Task objective: Every line below is to be copied exactly, with the pictures left out.

Records for this task:
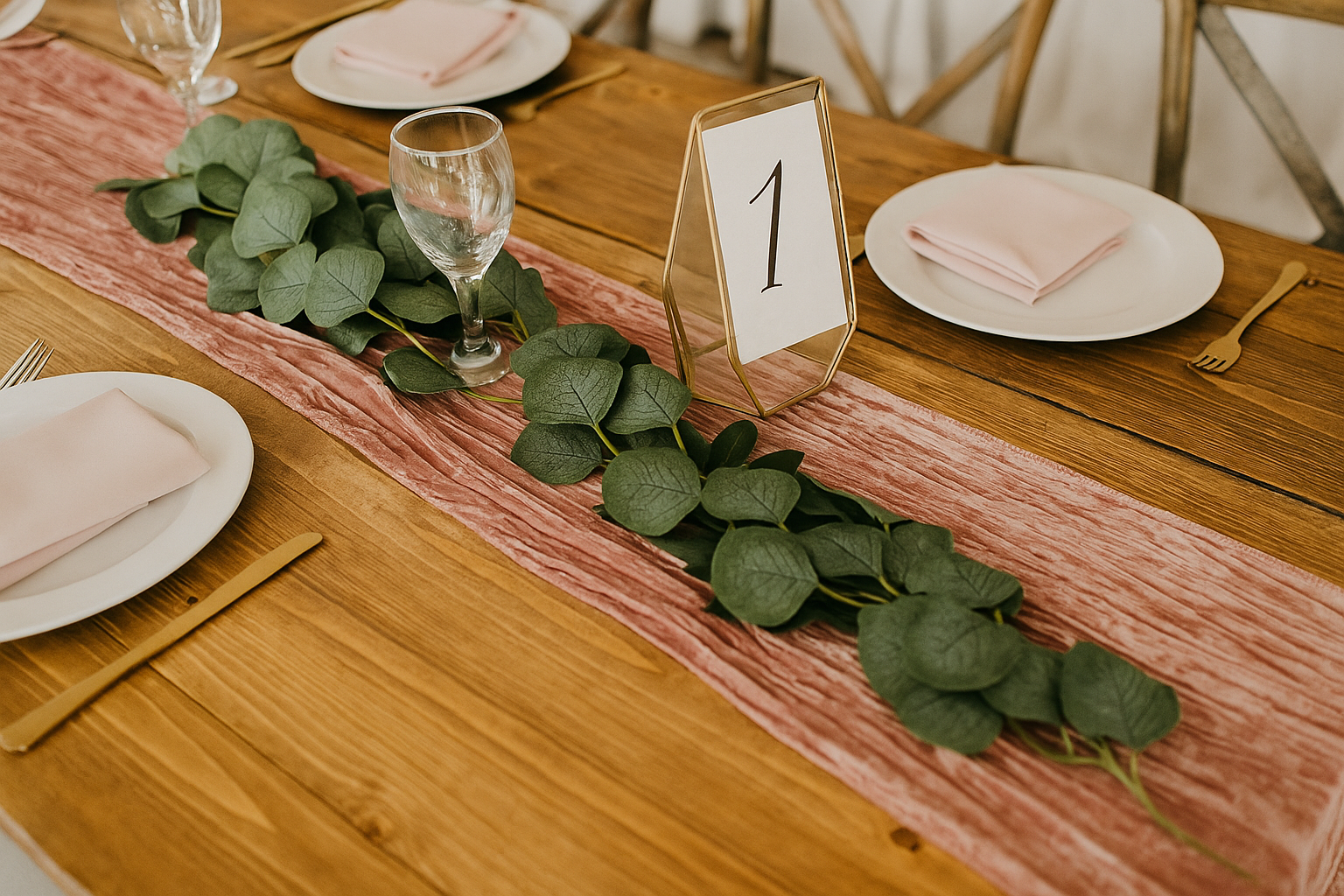 14 x 108 Inch Crinkle Taffeta Table Runner Dusty Rose lifestyle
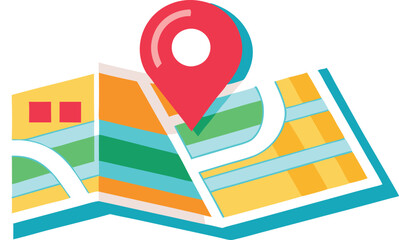 A collection of stylized GPS and map illustrations, featuring navigation pins, location icons, and abstract map elements, often set against a modern, clean background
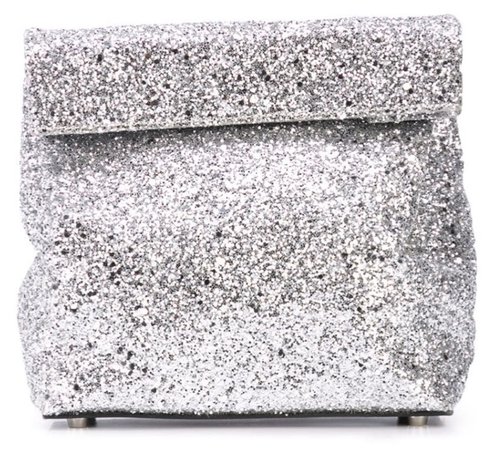 SIMON MILLER Silver Glitter Lunch-Box Clutch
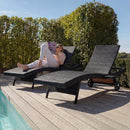 K&K 80'' Patio Wicker Chaise Lounge Chairs Set of 2 by HouseOfZazla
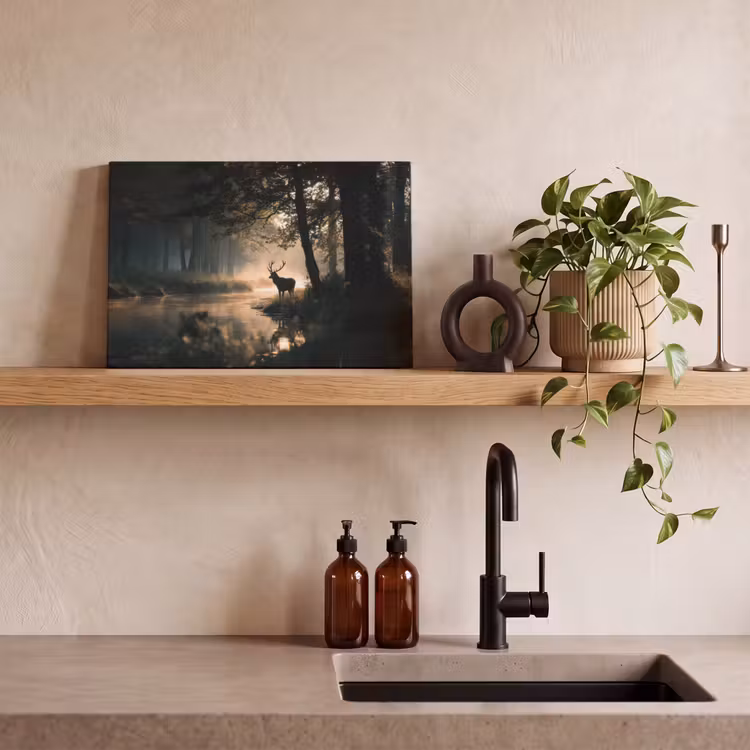 Canvas schilderij - Hert - Bosbeek - Mystiek — 3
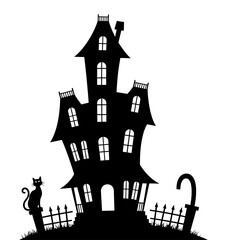 Halloween haunted house silhouette with cat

Answer below:
 14 x 108 Inch Crinkle Taffeta Table Runner Dusty Rose lifestyle
 A collection of stylized GPS and map illustrations, featuring navigation pins, location icons, and abstract map elements, often set against a modern, clean background
 SIMON MILLER Silver Glitter Lunch-Box Clutch
 K&K 80'' Patio Wicker Chaise Lounge Chairs Set of 2 by HouseOfZazla
 Canvas schilderij - Hert - Bosbeek - Mystiek — 3
 Halloween haunted house silhouette with cat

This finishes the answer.